The right way to perform sequence classification with RNN using a sliding window?

Hello,
I want to use an RNN (specifically LSTM) in order to classify a sequence.
The input is a simple sequence with 1000 datapoints (think audio signal), I want to use an RNN in order to classify the sequence and I want to do it with a “sliding window approach”.

An example size of an input will be [64,1000] where 64 is the minibatch size and 1000 is the sequence length (64 samples of sequences each 1000 datapoints in length)

Previously I tried manually looping in the forward function each time sending the LSTM a part of the sequence.
I did it without a sliding window approach, so I just separated the sequences by 10 and sent them to LSTM.
I also added a dimension in order to be able to insert it into the LSTM.
So here the input to the LSTM was [1,64,100]. On each loop I took the hidden state from the previous loop and fed it to the next LSTM.
I was able to overfit the network on a few samples (to check for bugs) but I was unable to converge for the bigger problem.
I think there is a flaw in my design because I input to the LSTM a “part” of my sequence at a time, but I believe I should’ve inputted all the parts at once in the first dimension.
Also, I was thinking of a sliding window (where the LSTM would evaluate the sequence with a sliding window instead of non-overlapping parts one at a time)

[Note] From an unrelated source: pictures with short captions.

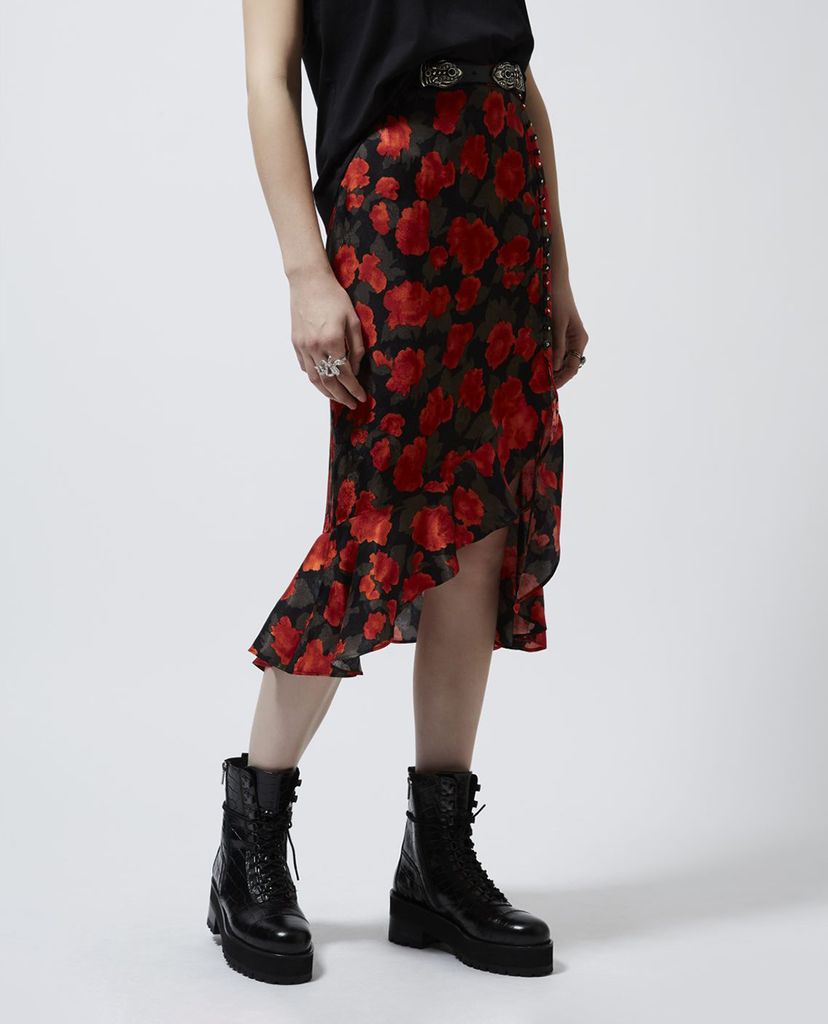 THE KOOPLES - Chân váy midi phối bèo Floral Print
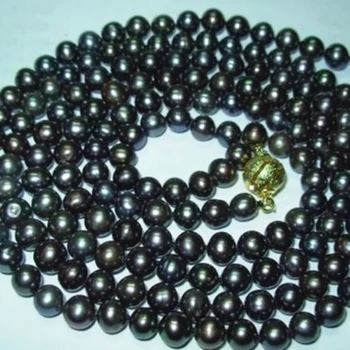 Naujas mados žavesio 7-8mm juodas natūralūs gėlo vandens dirbtiniu būdu išaugintų perlų apvalūs karoliukai, karoliai ilgos grandinės jewelryt moterų 50inch BV209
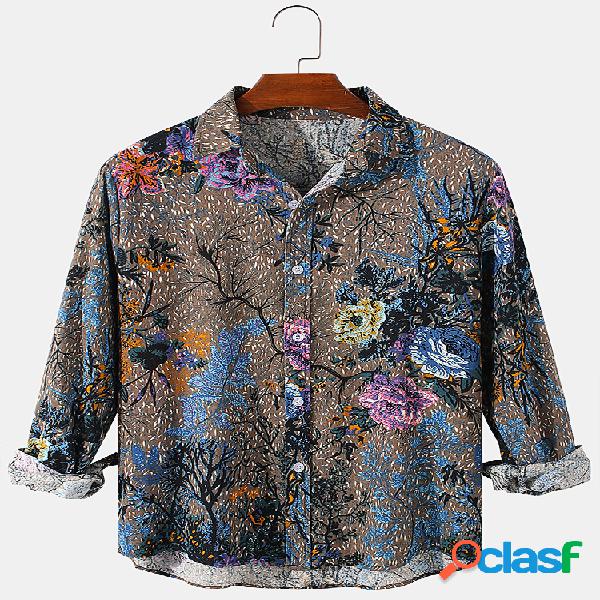 Hombre vendimia Camisas de manga larga con estampado floral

Now I’m interested if you can suggest a better solution to my problem.
First, I transformed the input:
lets look at a simple example:
minibatch: 2 sequence_length:11 sliding_window_width: 5 sliding_window_stride: 2
The input would be [2,11] and I want to transform to [4,2,5]
(a short explanation: for each sequence (of length 10) I want to create “an array” which consists of the “sliding windows” of that sequence.
a sequence [0,1,2,3,4,5,6,7,8,9,10]
would transform to [[0,1,2,3,4],[2,3,4,5,6],[4,5,6,7,8],[6,7,8,9,10]]
I did this with this loop (I did this in the forward function and it’s performed on each minibatch):

input = torch.from_numpy(np.array([[0,1,2,3,4,5,6,7,8,9,10],[10,11,12,13,14,15,16,17,18,19,20]]))
splitInput = Variable(torch.zeros(4, 2, 5))
for i in range(4):
splitInput[i] = input[:,i2:(i2+5)]

So now I have (what I think is) a correct format to input to the LSTM which is
"(seq_len, batch, input_size)"
which is (as I understand it):
(“number of time steps/num of sliding windows”, batch, "actual sequence length/width of the sliding window)
Am I correct? Is there a better way to perform this transform? maybe with np.hstack but I couldn’t find a way.

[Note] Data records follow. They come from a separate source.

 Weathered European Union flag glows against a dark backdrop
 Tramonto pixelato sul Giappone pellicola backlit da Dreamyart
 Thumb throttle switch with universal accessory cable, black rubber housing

I tried inputting it into an LSTM, the output from it is [“num of sliding windows”, batch, hidden_size].
On a side note, the LSTM required me to initiate it with nn.LSTM(width_of_sliding_window, hidden_size, num_of_layers) while in the design before I could input whatever I wanted in the first argument.
After the LSTM I feed the output (of size [“num of sliding windows”, batch, hidden_size]) to a Linear layer with the sizes of "nn.Linear(num_of_sliding_windowshidden_size, num_classes)". But I need to transform it first in order to use it in the linear layer, I perform the next transformation "output.transpose(0,1).contiguous().view(batch,-1)"
This transform results in a tensor of size: [batch, num_of_sliding_windows
hidden_size]
After the linear layer I’m left with an output of [batch, num_classes]
Then I used cross entropy as the loss function.
I tried over-fitting the network on a few samples and expected to get to a minimal loss because the network would “remember” the samples. Unfortunately I was not able to over-fit, which probably because there is a bug in my design. Can you spot a problem with the design? maybe some of the later transforms mixed the samples? maybe the design it’self is flawed? maybe I don’t understand the actual required input to the LSTM and it doesn’t work?
EDIT: actually I was able to over-fit, I just increased the num_hidden… still any suggestions would be appreciated.
Any help with the current design will be appreciated.

Also, if you know or think of a better design to solve this type of problem I would be really happy to hear that.

Thanks.

p.s- I’m relatively new to pytorch and DL so please don’t be mad if I understood something wrong, or very very wrong… I would appreciate any explanations or links explanations.

p.s.s- I also searched for any example of pytorch/rnn/sequence and most of the examples were either for video of for text (which is very different from a simple sequence like audio) and I tried implementing what I understood from the examples in the first design I wrote about.